# WHAT NEEDS TO BE DONE:
Which lines below mention "Chapter"? Pick each one out.

# RECORDS FOR THE EXERCISE:
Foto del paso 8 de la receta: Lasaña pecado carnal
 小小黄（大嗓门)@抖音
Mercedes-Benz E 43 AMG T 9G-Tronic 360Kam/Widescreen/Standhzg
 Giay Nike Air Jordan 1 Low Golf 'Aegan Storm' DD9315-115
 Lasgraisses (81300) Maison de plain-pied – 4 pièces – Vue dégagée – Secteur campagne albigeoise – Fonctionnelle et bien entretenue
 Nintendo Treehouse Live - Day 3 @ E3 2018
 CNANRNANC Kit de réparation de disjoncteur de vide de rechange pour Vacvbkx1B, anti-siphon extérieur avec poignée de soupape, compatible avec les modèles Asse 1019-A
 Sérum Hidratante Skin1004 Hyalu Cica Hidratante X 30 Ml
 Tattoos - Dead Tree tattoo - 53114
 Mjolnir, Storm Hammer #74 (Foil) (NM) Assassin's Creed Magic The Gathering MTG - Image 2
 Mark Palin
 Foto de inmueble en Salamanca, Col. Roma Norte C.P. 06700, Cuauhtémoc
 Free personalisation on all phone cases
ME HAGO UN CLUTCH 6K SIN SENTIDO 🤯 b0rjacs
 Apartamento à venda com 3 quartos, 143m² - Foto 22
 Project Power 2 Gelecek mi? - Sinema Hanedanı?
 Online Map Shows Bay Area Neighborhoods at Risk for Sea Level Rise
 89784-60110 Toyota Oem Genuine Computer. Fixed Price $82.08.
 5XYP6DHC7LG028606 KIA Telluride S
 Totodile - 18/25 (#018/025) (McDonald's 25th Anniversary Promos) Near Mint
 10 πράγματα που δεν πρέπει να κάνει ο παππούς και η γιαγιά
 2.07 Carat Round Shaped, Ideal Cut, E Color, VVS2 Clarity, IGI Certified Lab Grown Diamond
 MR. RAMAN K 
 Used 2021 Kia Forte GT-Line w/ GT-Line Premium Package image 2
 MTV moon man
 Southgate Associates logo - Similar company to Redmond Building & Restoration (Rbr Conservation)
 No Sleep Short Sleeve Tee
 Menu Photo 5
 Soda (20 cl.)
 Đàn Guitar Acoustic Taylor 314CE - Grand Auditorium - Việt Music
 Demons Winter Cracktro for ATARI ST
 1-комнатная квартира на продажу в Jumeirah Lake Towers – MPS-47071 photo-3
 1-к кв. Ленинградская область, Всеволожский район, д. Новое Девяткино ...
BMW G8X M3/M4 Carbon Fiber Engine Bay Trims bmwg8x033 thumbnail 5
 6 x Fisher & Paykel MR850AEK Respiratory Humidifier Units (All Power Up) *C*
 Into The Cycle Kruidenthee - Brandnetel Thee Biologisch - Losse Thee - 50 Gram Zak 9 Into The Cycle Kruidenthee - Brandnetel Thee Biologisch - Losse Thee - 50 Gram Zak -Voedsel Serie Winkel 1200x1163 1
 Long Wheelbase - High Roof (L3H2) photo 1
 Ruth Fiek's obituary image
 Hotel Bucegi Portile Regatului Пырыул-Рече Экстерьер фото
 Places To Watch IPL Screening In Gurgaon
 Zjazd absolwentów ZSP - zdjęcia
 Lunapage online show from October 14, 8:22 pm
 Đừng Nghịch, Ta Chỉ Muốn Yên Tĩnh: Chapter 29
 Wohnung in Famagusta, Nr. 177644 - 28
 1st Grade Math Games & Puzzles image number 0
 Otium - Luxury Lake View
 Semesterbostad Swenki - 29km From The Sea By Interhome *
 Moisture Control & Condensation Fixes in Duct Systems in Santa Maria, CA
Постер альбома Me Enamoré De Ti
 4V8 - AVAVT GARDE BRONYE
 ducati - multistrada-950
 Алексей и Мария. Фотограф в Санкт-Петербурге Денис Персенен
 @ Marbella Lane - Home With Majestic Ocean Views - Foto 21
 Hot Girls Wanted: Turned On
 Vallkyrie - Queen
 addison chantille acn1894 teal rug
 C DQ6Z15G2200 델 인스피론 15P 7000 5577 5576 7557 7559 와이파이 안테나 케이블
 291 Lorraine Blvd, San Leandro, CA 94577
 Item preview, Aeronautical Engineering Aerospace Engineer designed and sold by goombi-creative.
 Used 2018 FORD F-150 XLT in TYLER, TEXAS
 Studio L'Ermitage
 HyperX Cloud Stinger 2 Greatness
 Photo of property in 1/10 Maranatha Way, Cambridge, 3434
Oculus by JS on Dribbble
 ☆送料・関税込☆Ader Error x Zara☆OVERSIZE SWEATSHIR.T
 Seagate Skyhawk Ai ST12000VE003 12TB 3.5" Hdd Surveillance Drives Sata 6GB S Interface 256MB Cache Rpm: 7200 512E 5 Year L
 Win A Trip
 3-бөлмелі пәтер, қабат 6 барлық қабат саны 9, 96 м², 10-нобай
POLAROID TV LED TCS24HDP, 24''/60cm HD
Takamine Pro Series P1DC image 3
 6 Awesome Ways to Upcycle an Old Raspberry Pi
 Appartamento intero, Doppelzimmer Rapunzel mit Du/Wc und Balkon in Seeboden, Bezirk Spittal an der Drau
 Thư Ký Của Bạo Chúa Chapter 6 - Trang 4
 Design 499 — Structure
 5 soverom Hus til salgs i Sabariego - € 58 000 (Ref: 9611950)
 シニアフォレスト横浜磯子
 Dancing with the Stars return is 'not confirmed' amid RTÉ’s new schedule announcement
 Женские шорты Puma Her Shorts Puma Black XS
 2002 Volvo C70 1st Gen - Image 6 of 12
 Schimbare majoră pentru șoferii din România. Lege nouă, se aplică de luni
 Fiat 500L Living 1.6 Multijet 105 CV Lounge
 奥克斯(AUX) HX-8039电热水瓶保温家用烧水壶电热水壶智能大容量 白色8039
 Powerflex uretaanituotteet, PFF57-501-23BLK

# FINISHED EXERCISE:
 Đừng Nghịch, Ta Chỉ Muốn Yên Tĩnh: Chapter 29
 Thư Ký Của Bạo Chúa Chapter 6 - Trang 4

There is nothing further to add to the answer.